The little packet was neatly folded in tissue-paper, tied round with narrow pink ribbon. Ella, rather wonderingly, opened it. Amidst some folds of cotton wool lay a gentleman's sleeve-link. It was of malachite and gold, of curious and very uncommon workmanship. Miss Winter had never, to her knowledge, seen it before. "What is it?" she asked. "Why do you bring it to me, Mrs. Keen?"
The landlady explained. "Betsy's mind is in trouble about it, Miss Ella," she began; "in great trouble. It seems that the morning poor Hubert Stone was found, Betsy, after all was quiet, and the police and other people had gone, was outside there. She saw something shining on the gravel, and picked it up. It was this trinket; she thought it very lovely, she tells me; and on the impulse of the moment she picked it up and put it in her pocket, thinking it would be a pretty present for her sweetheart, who is no other than David Beal, the joiner's son. And I suspect, ma'am, though she has not said as much, that it was just to be near him she took a situation over here."
"Very possibly," assented Miss Winter. "But she ought not to have concealed or kept this."

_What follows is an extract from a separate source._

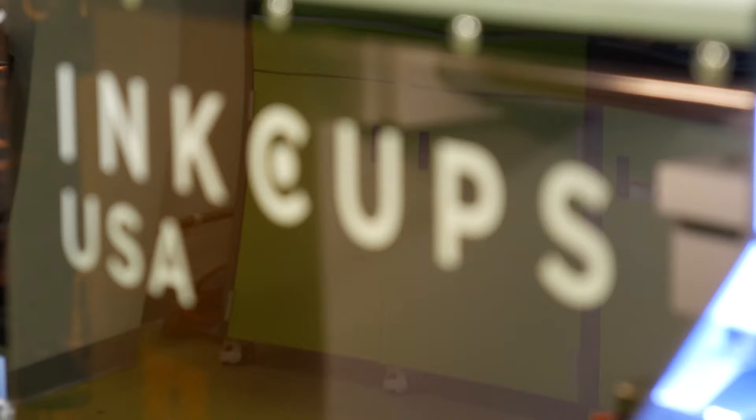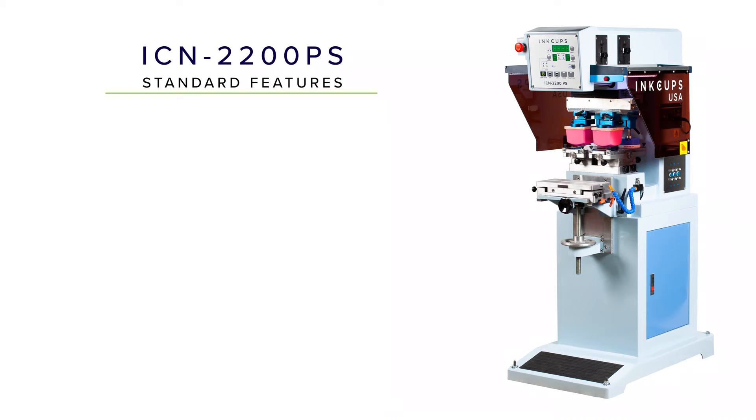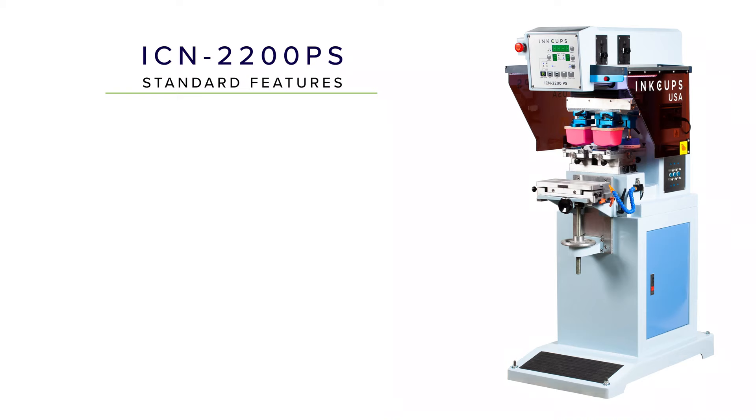Introducing the ICN2200PS by InkUps. The ICN2200PS is a two-color pad printer with these standard features.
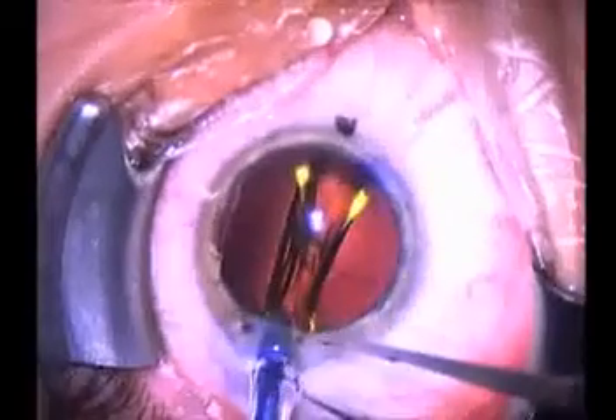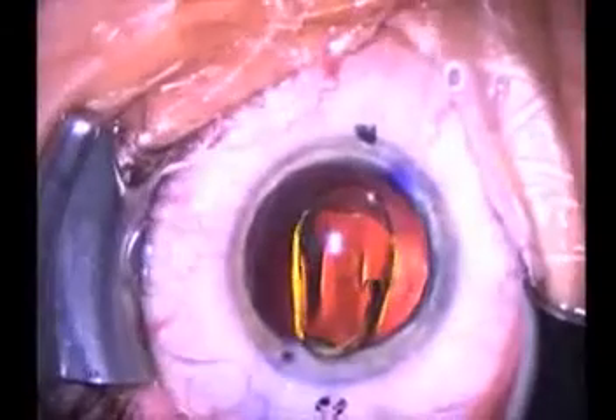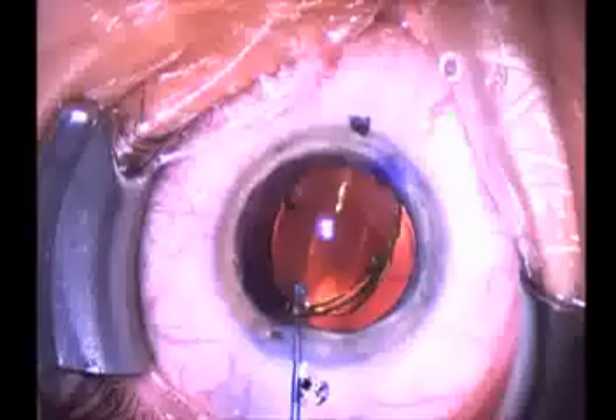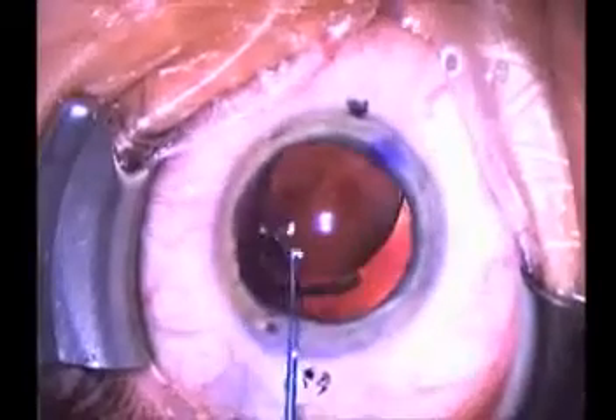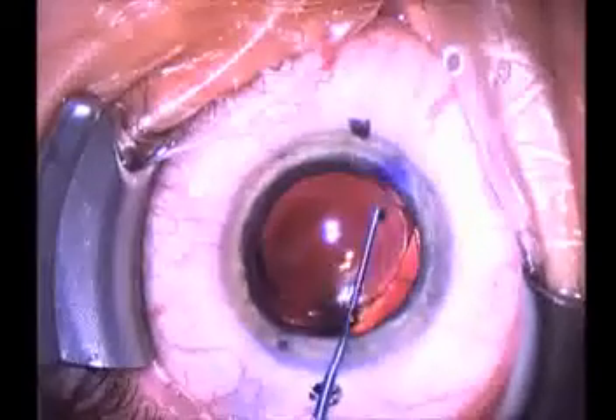You see the lens being injected through a very small 2.4 millimeter incision. This amazing design unfolds gently inside the eye. And we are now going to rotate that lens into its proper orientation.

"It is that which is tormenting her now, ma'am. She couldn't rest till I had brought it to you and told you all. The girl says, and I can but believe her, that in the night, when she was in bed, she saw the wrong she had done, and repented of it, but was afraid then of confessing. All kinds of foolish fancies visit us in the night, as you know, Miss Ella, and she says an idea came into her mind that if she confessed what she had done and produced the trinket, she might, perhaps, be accused of having been mixed up with the robbery. So she wrapped and tied it up, and has kept it hidden in her pocket till now. All her cry since she came into her right mind is, 'If Miss Winter will but forgive me!'"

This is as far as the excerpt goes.